Die 4 Workshoptage werden wir dem Ankommen, dem Abschliessen, dem Innehalten, dem Aus- und Einpacken und dem uns Aufmachen in Richtung unserer ganz eigenen, (wer es mag) göttlichen Bestimmung widmen – und uns dabei von der Gewaltfreien Kommunikation als kraftvollem Werkzeug unterstützen lassen.

Michael Dillo: „Seit ich vor 20 Jahren die Gewaltfreie Kommunikation bei Marshall B. Rosenberg kennengelernt habe, erlebe ich mich wieder und wieder sehr bewusst an diesem Ort. Ich sehe mich am Ufer eines breiten Flusses, mal die Überquerung noch vor mir und mal den Fuss wieder auf festen Grund setzend. Wenn ich heute Menschen einlade, mit mir die Orte ihrer Übergänge zu erforschen und mich anbiete sie zu begleiten, dann nährt, bereichert es uns gleichermassen. „
Michael Kraft: „Mich reizt und freut die Einladung von Michael, diese Erforschungen gemeinsam mit ihm zu begleiten. Die GfK habe ich 2004 kennen und lieben gelernt. In der Rückschau auf meine eigene Biografie leuchten die Momente eines Überganges wie kostbare Perlen hervor. Perlen sind das Ergebnis auch schmerzhafter Prozesse der Austern – so stelle ich mir ihre Entstehung jedenfalls vor.“

Für dieses Seminar haben wir mit einen Ort gefunden, wo das Bild des fliessenden Wassers eine ganz eigene, starke Energie entfaltet: der nahe Vorderrhein, der sich tief in die nacheiszeitlichen Flimser Bergsturzmassen eingegraben hat. Und dazu gibt es in der Mitte dieser Naturkräfte mit der Casa Selva auch noch einen gastlichen Ort, an dem uns ein herzliches, warmes Willkommen erwartet (www.casaselvatrin.ch).

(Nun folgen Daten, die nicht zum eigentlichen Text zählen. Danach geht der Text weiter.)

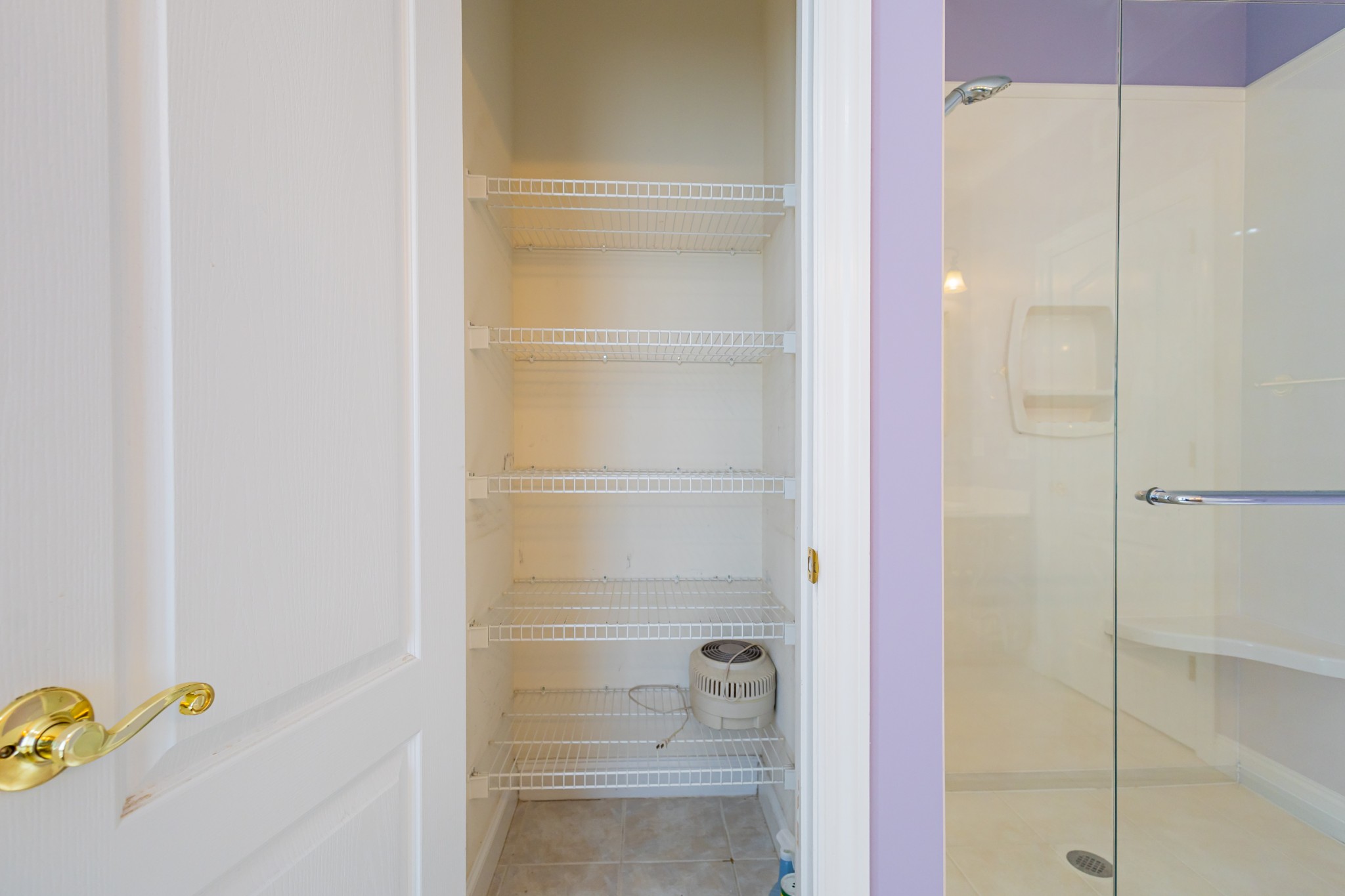 114 Courtside Lane Tullahoma, TN 37388 - Photo 30 of 85 a bathroom with a bathtub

Wie fühlst du dich bei der Vorstellung, vom 23.-26. April nach Trin Digg zu kommen und dort in Verbindung zu dir selbst, zu uns, zu anderen Menschen und zur Natur deine ganz eigenen Übergänge zu erforschen und zu erleben?

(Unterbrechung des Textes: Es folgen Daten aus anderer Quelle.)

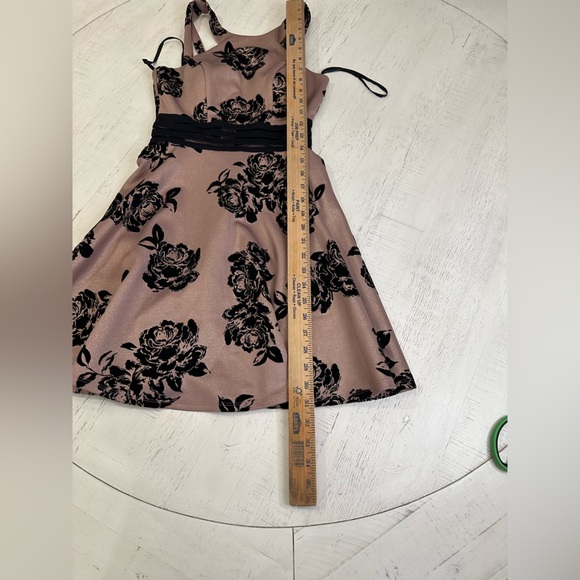 Nordstrom dress. City Studio Size 1 Teen Section - Picture 5 of 6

Sollte sich diese Idee leicht und freudvoll anfühlen, dich vielleicht auch herausfordern, dann würden wir gerne Verbindung mit dir aufnehmen. Melde dich doch bitte bei uns (Kontaktdaten s. Fusszeile). Gerne besprechen wir alles mit dir, was du wissen möchtest, um dich entscheiden zu können. Wir werden dir bei dieser Gelegenheit auch die Preisliste für die Betten bzw. Zimmer schicken.
Was deinen Beitrag zum Seminar anlangt, so möchten wir gerne anregen, dass jede und jeder Teilnehmende für sich bestimmt, mit welchem Beitrag er oder sie uns Einladende in Arbeit und Leben unterstützen möchte. Dafür werden wir den Workshop mit einem „Geld-Tanz“ abschliessen.

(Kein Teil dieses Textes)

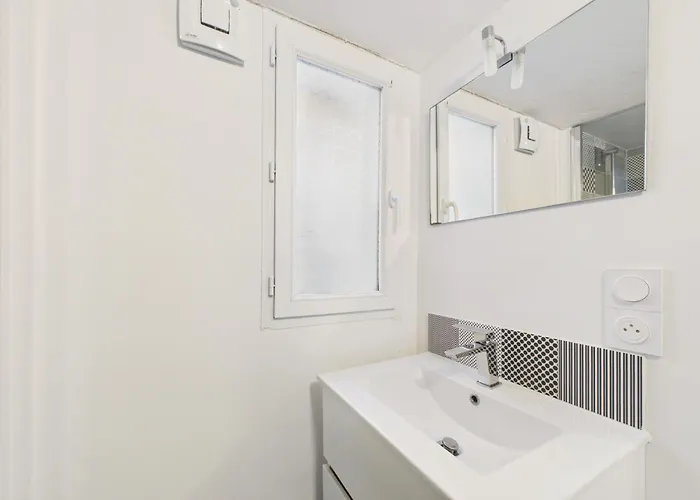 Casa de Férias 400m De La - Grande Maison Pour 10 Avec Jardin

Es wird ein Teil unseres gemeinsamen Weges sein, eigenverantwortlich unsere Gefühle und Bedürfnisse zu erkunden und zu benennen. Aus dieser Selbsterkundung heraus laden wir dazu ein, konkrete Bitten zu formulieren, wie aktuelle Bedürfnisse erfüllt werden können. Dabei ist es klar, dass wir wohl alle weit entfernt sind, perfekt zu sein. Wir sind einfach wandernde Menschen.